RECORD SET:
◇ ◇ ◇ ◇

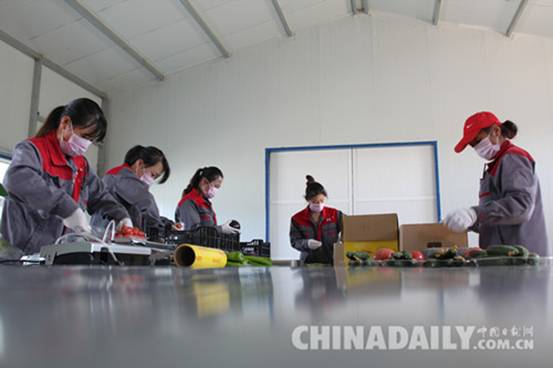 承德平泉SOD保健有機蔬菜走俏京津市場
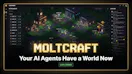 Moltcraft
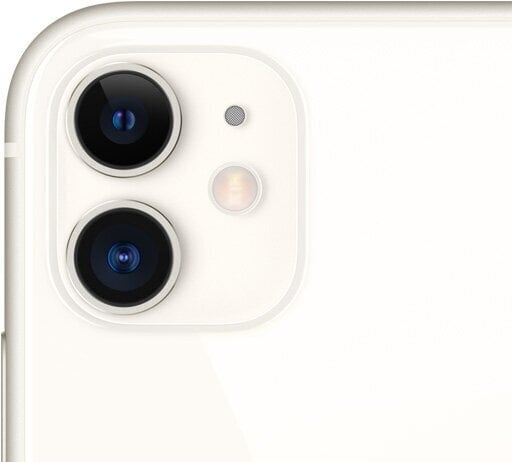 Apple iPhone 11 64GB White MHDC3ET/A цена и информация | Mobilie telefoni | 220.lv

◇ ◇ ◇ ◇

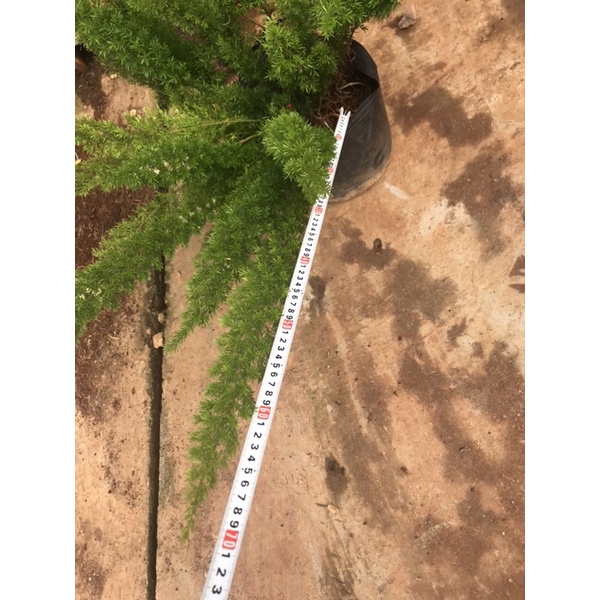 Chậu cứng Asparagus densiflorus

◇ ◇ ◇ ◇

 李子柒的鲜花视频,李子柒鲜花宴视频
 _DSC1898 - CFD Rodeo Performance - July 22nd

◇ ◇ ◇ ◇

WORK REQUIRED: For the material above, reproduce exactly the lines from the line with "李子柒的鲜花视频,李子柒鲜花宴视频" to the line with "- July 22nd", inclusive, and exclude all others.

SOLUTION TO THIS EXERCISE:
 李子柒的鲜花视频,李子柒鲜花宴视频
 _DSC1898 - CFD Rodeo Performance - July 22nd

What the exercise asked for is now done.